Bearing upon this point, appellant offered and the court gave the following instruction:

“The crime of theft requires a specific intent to steal––in this instance an intent on the part of defendant to convert the property to his own use, with the consequent deprivation of possession and enjoyment by the owners thereof. This specific intent must be proved by the prosecution, the same as any other material fact in the case. It is not presumed from mere possession where the original taking was lawful * * *.” And that “Felonious intent is an essence of the crime of grand theft. If one, in good faith, takes the property of another, believing it to be legally his own, or that he has a legal right to its possession, he is not guilty of larceny. * * *”
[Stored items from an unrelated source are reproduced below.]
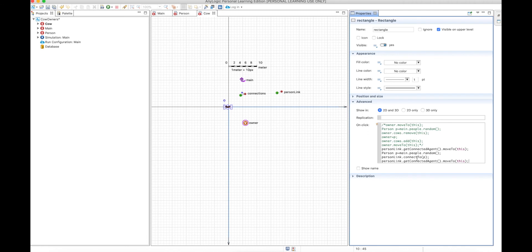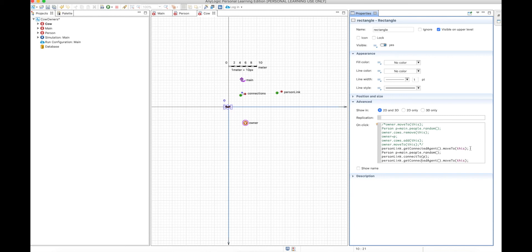Using connections is much simpler overall. You don't always need connections, but if you're using variables on both sides — in both the cow and the person — it's better to use connections, because you only need to change things on one side instead of both. This is a big way to avoid errors.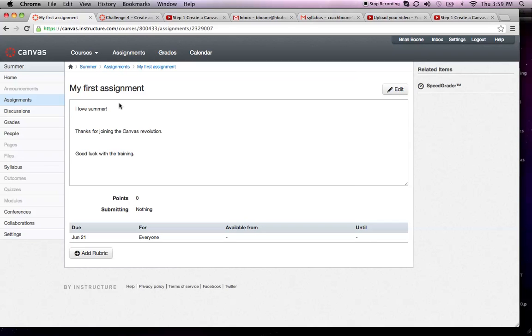This video will show you how to turn in your first assignment. Once you're done with the content in your first assignment and you're satisfied with whatever you edited,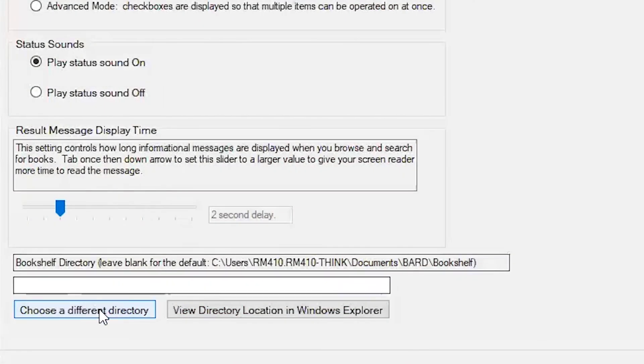The last user preference is Bookshelf Directory Location. By default, BARD Express will place the bookshelf in your User Documents folder. If you want to change the location, use this preference to specify a different directory.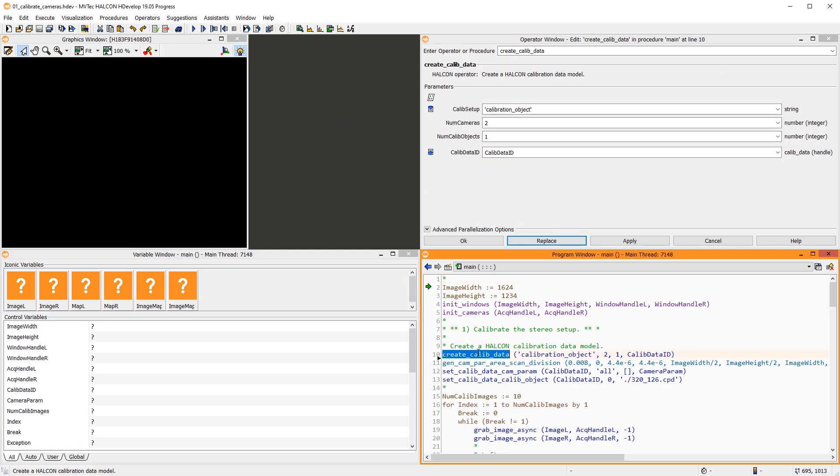First, we create a Halcon calibration data model. It allows to use any number of cameras and calibration objects for a calibration and stores all calibration-related data.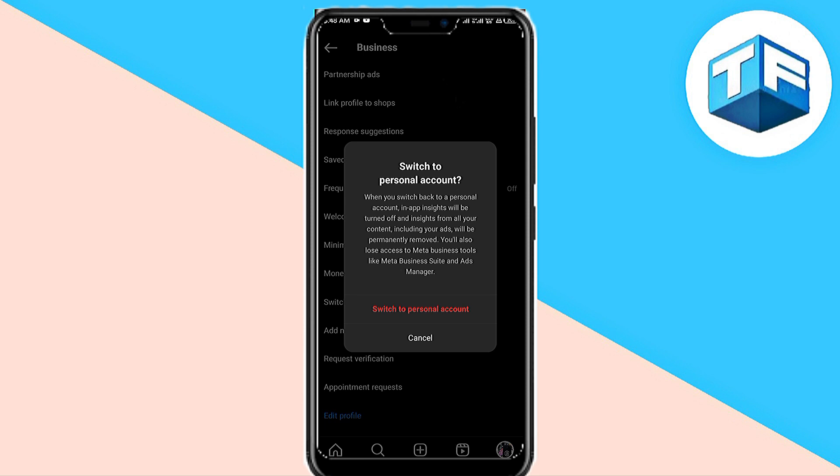All you need to do is click on Switch to Personal Account. You can see it's written in red—go ahead and click on that. Once you click, your account will be switched from a professional account to a personal account. This is the simple way you can turn off professional accounts on Instagram.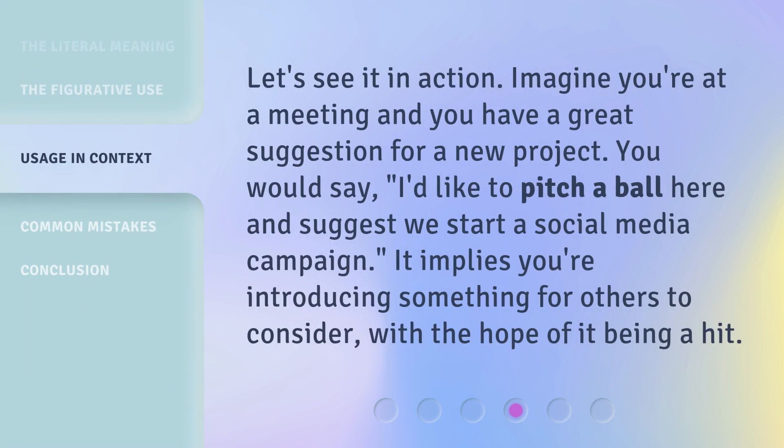Let's see it in action. Imagine you're at a meeting and you have a great suggestion for a new project. You would say, "I'd like to pitch a ball here and suggest we start a social media campaign." It implies you're introducing something for others to consider, with the hope of it being a hit.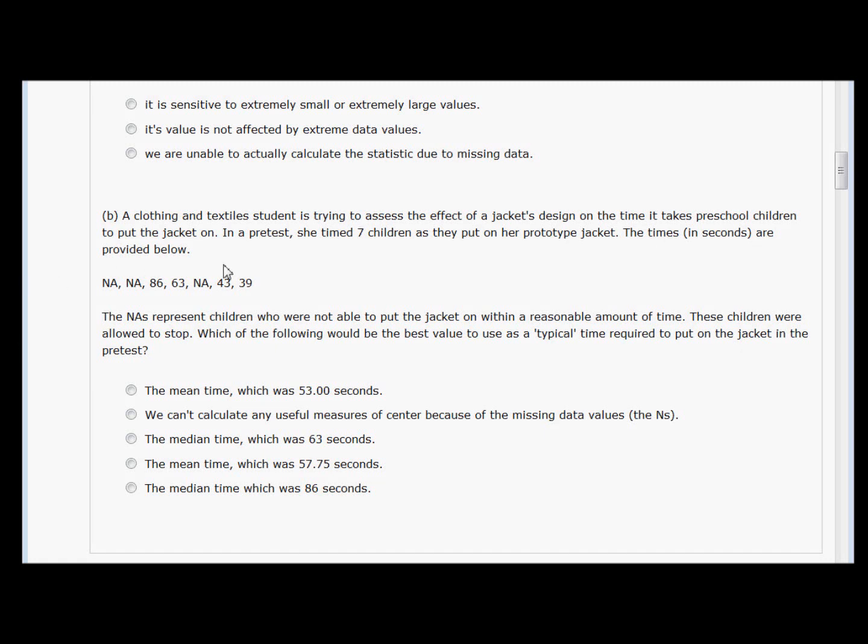I'm guessing you already read through the problem. Here's our data. We've got the three NAs and then the question is which of the following would be the best value to use as a typical time required to put on the jacket in the pretest.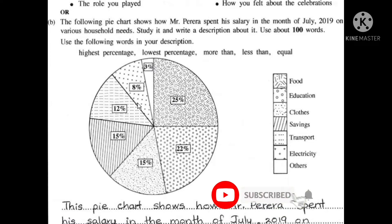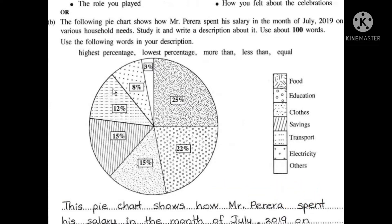The following pie chart shows how Mr. Pereira's salary is spent. It shows how Mr. Perea gets salary in the month of July, in April 2019, on various household needs.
Any one of the acts denounced in the disjunctive in Penal Code section 484 constitutes the crime of theft, which offense has been substituted for the former separate offenses of larceny, embezzlement, and obtaining money or property under false pretenses. Pen.Code, § 490a. Although the offense of theft has been substituted for the offenses of larceny, embezzlement and obtaining money or property by false pretenses, no elements of the former crimes have been changed. The elements of the former offenses of embezzlement and larceny and the distinction between them are clearly stated in People v. Bojorquez, 35 Cal.App. 350, 354, 169 P. 922. See, also, People v. Johnson, 91 Cal. 265, 27 P. 663; People v. Myers, 206 Cal. 480, 275 P. 219; People v. Selk, 46 Cal.App.2d 140, 115 P.2d 607. While the instruction complained of, when considered alone, may not define all the elements necessary to constitute all the former offenses now contained within the crime of grand theft and essential to a conviction under that charge, yet, when considered in connection with the statutory definition of that offense as given, and particularly the instructions offered by appellant and given by the court, the appellant cannot be heard to complain that the instructions, when considered as a whole, were prejudically erroneous because they were not a fair statement of the law applicable. The evidence was sufficient to support the verdict. Byrd v. State, 90 Tex.Cr.R. 418, 235 S.W. 891.
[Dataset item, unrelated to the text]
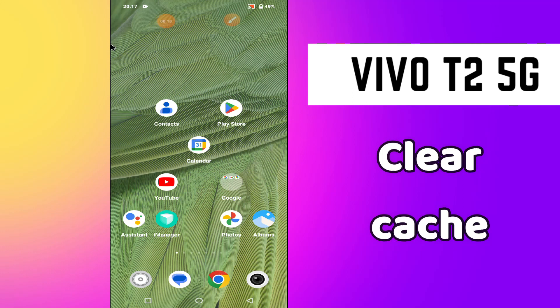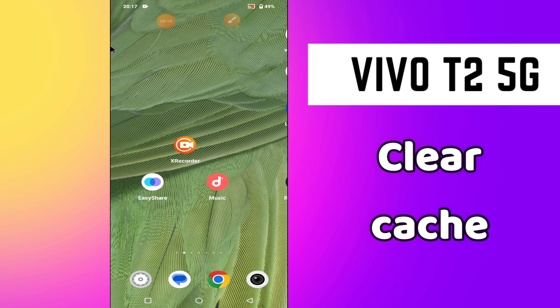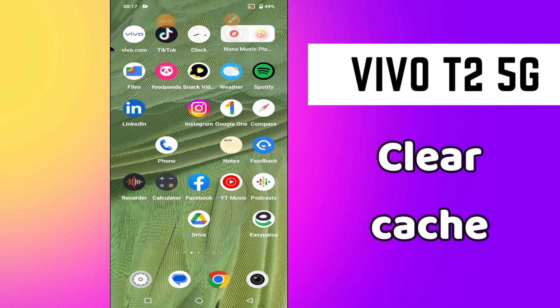Hello everyone, welcome to my YouTube channel. In this video I will tell you how to clear the cache in your phone Vivo T2 5G. So in this device, if you want to remove the cache or you want to delete it, I will tell you how you can do it.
Appellant's claim, that his “motion to instruct the jury to acquit” should have been granted, is not well taken. The trial court, in a criminal case, is only authorized to advise the jury to acquit but the jury are not bound by the advice. Sec. 1118, Pen.Code; People v. Daniels, 105 Cal. 262, 266, 38 P. 720; People v. Horn, 70 Cal. 17, 11 P. 470; State v. Sullivan, 34 Idaho 68, 199 P. 647, 17 A.L.R. 902.

No demurrer was interposed to the information under section 1003 of the Penal Code. The allegation in the information that the defendant “unlawfully” took $723.63 in cash, was a sufficient averment of a felony offense without stating that he “feloniously” took that amount. In charging theft it shall be sufficient to allege that the defendant unlawfully took the labor or property of another. § 952, Pen.Code. The order denying the motion for new trial was substantially grounded.

Judgment and order affirmed.

GRIFFIN, Justice.

BARNARD, P. J., and MARKS, J., concurred.